INSTRUCTIONS FOR THE TASK - Print the data once more, exactly as given. Drop the pictures.

COLLECTED DATA -
---*---
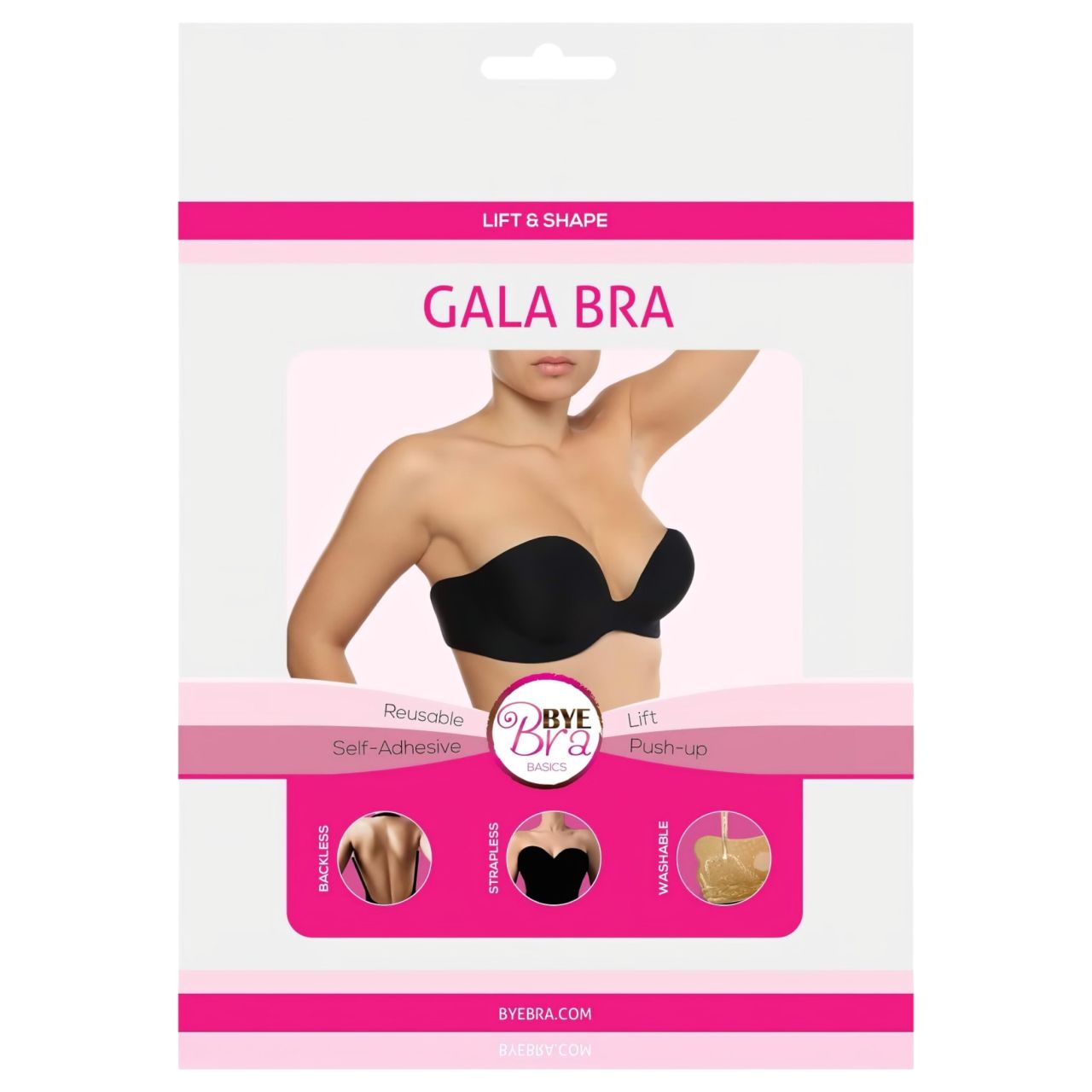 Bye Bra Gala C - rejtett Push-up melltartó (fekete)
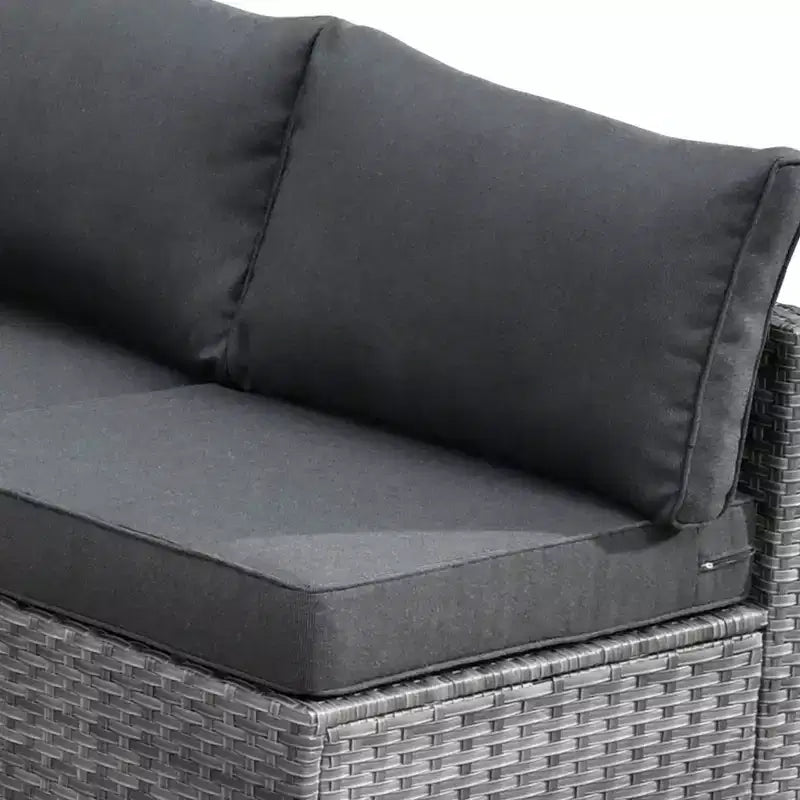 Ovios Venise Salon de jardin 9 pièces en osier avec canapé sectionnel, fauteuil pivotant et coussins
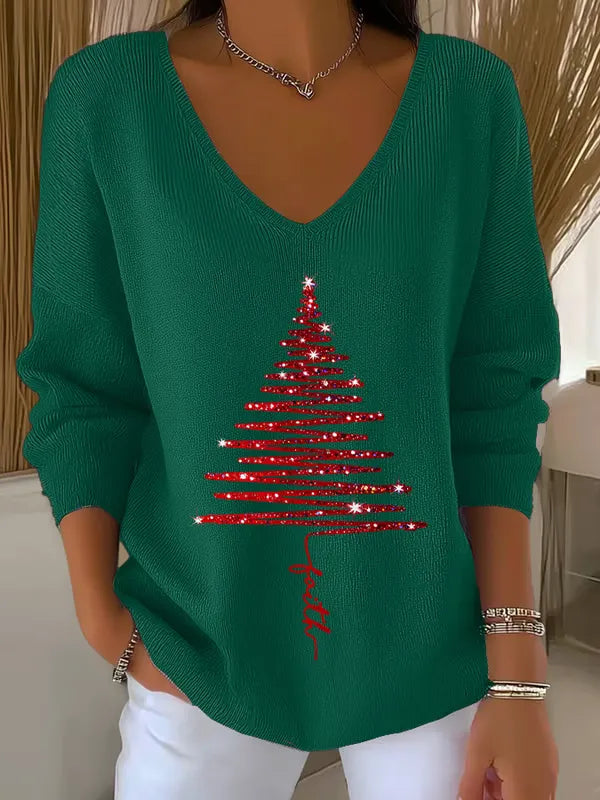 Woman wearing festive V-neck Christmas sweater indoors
---*---
EXERCISE RESULT -
 Bye Bra Gala C - rejtett Push-up melltartó (fekete)
 Ovios Venise Salon de jardin 9 pièces en osier avec canapé sectionnel, fauteuil pivotant et coussins
 Woman wearing festive V-neck Christmas sweater indoors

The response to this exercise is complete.